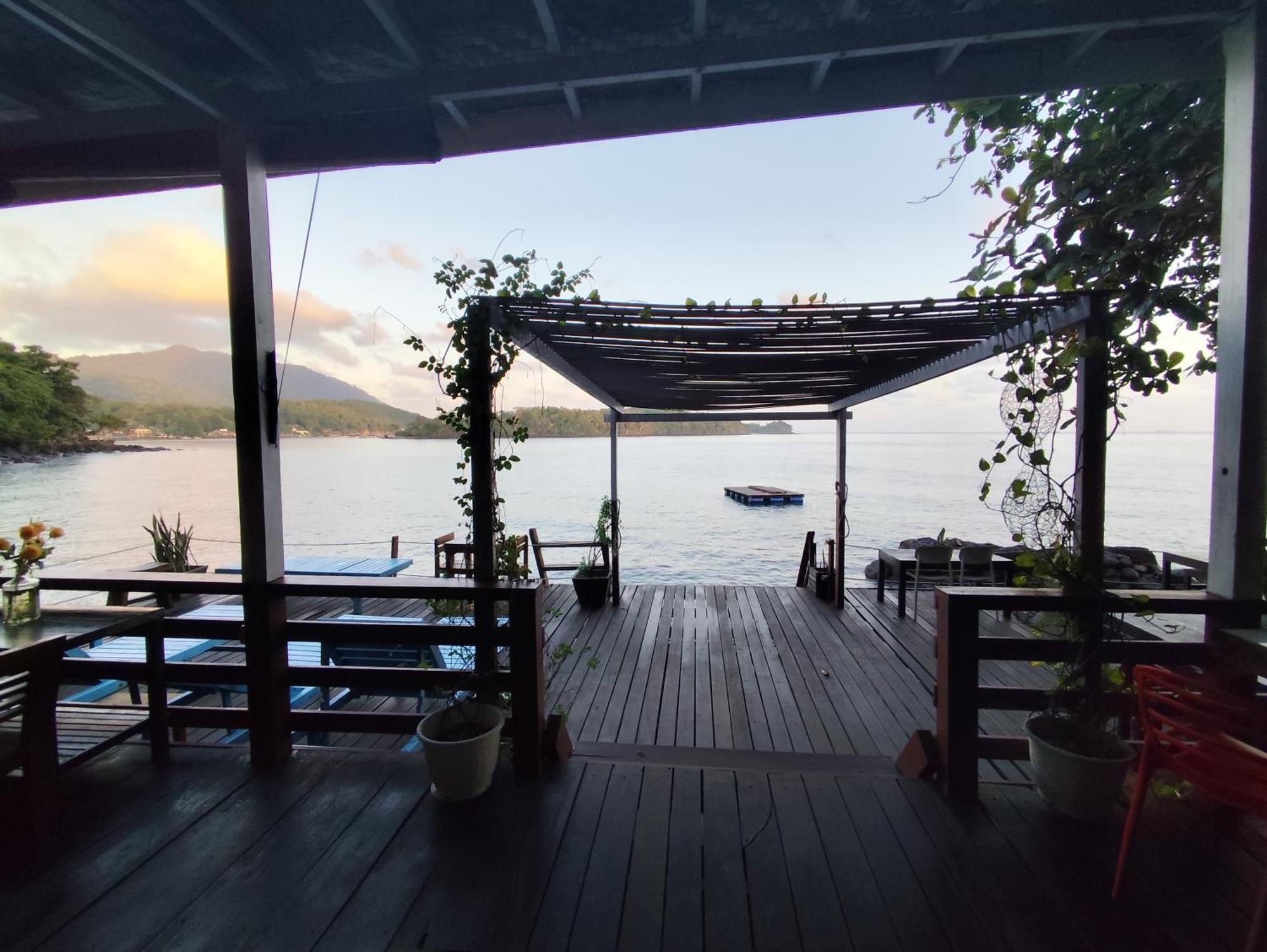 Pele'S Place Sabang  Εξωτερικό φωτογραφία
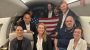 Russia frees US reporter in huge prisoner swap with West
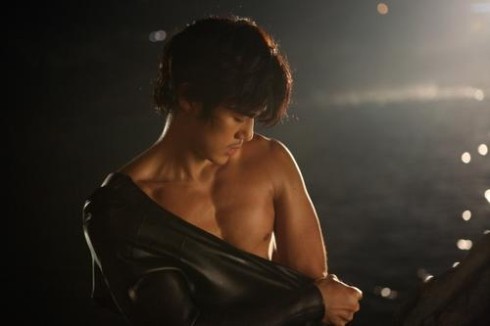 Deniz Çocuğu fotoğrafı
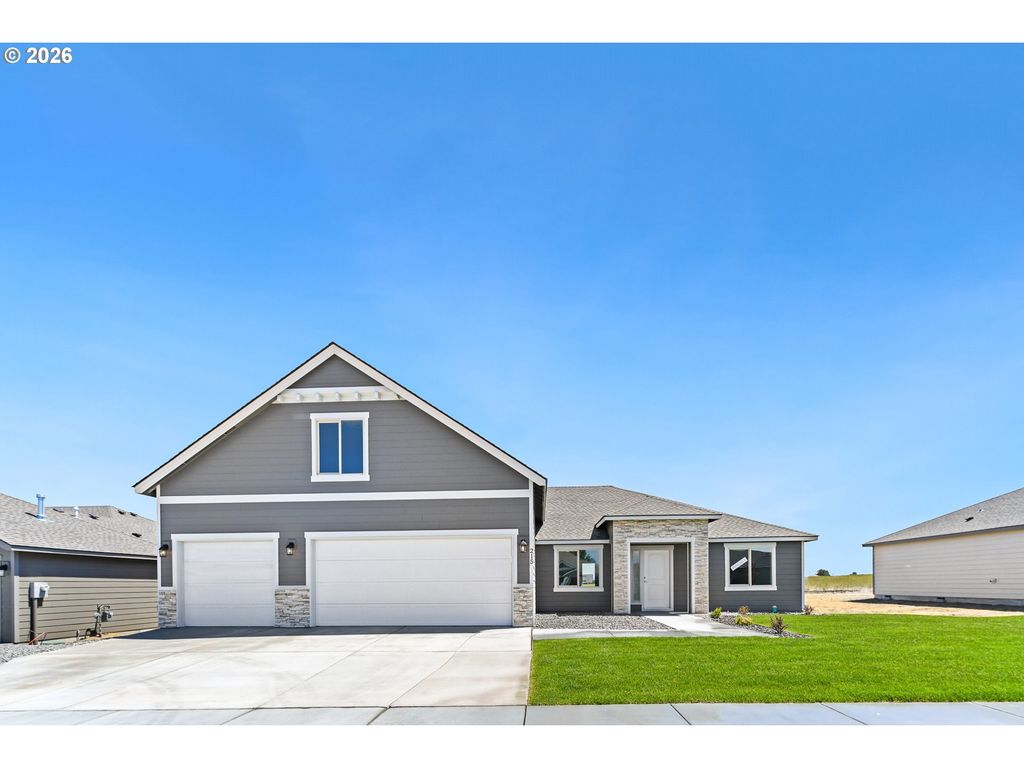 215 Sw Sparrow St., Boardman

PROBLEM STATEMENT: The material above is to be output exactly, with each picture left out.

ANSWER SECTION:
 Pele'S Place Sabang  Εξωτερικό φωτογραφία
 Russia frees US reporter in huge prisoner swap with West
 Deniz Çocuğu fotoğrafı
 215 Sw Sparrow St., Boardman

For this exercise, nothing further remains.